Best known as the leading historian on the topic of the Scottish Enlightenment and its wider European context Dr Nicholas Phillipson (1937-2018) played a crucial role in establishing the field on firm foundations, his invaluable contribution to the topic marking him as one of the best-known historians of Scotland in the world.
We are privileged to offer a selection of artworks from Phillipson’s collection (Lots 36 - 52) to the market in our 22 January auction of Contemporary & Post-War Art.
Dr Nicholas Phillipson was educated at Aberdeen Grammar School and read history at Trinity College, Cambridge, where he took his PhD. He joined the University of Edinburgh in 1967, remaining there as lecturer, senior lecturer and reader in history until retiring in 2004, when he was appointed honorary research fellow.
He published books on different aspects of the Scottish enlightenment and the Age of Improvement, while his first major biography, of David Hume, was published in 1989 and reissued in 2011. He marked the 400th anniversary of the University of Edinburgh in 1983 with a quizzical book entitled Universities, Society and the Future. He also held a number of visiting positions at Princeton University, Yale University, the Folger Institute in Washington DC, and LMU Munich.
Phillipson's best known work, the culmination of many years of intensive research, was his definitive text on the famous Scots economist; ‘Adam Smith: An Enlightened Life (2010). The biography was of unprecedented depth and touched on new ground. It was joint winner of the Saltire Society’s Scottish research book of the year, and was extremely well received, with Oliver Kamm in The Times referring to it as “a remarkable and often brilliant intellectual biography”. Although Phillipson met Margaret Thatcher and was impressed by her interest in Smith’s theories of lower taxes, smaller government and freer markets, his natural milieu was the centre-left ground of the Tony Blair/Gordon Brown days.

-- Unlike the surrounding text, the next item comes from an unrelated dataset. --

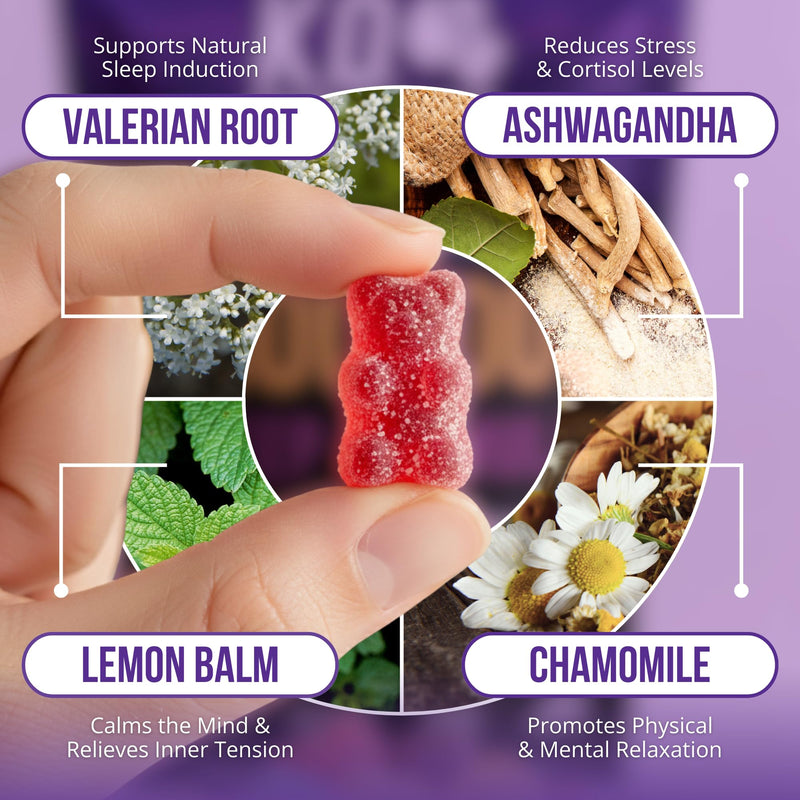 Sleep Gummies for Adults - Valerian Root 500mg, Ashwagandha, Lemon Balm & Chamomile - Natural Sleep aid - Vegan Friendly - 30 Day Supply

Brown, who represented the Kirkcaldy constituency where Smith once lived, consulted Phillipson about his recent book, My Life, Our Times (2017), and was in touch in the days before his death.
Lyon & Turnbull have the privilege of presenting a selection of artworks from Phillipson’s collection to the market. His friends knew him as an exceedingly keen mind - cosmopolitan and sophisticated, and his art collection is an elegant physical representation of these attributes and of his refreshingly catholic, indeed enlightened, tastes. He was a generous patron of the arts, and an early supporter of the careers of many now well recognised talents, including Callum Innes, a fine example of whose work is represented here for sale.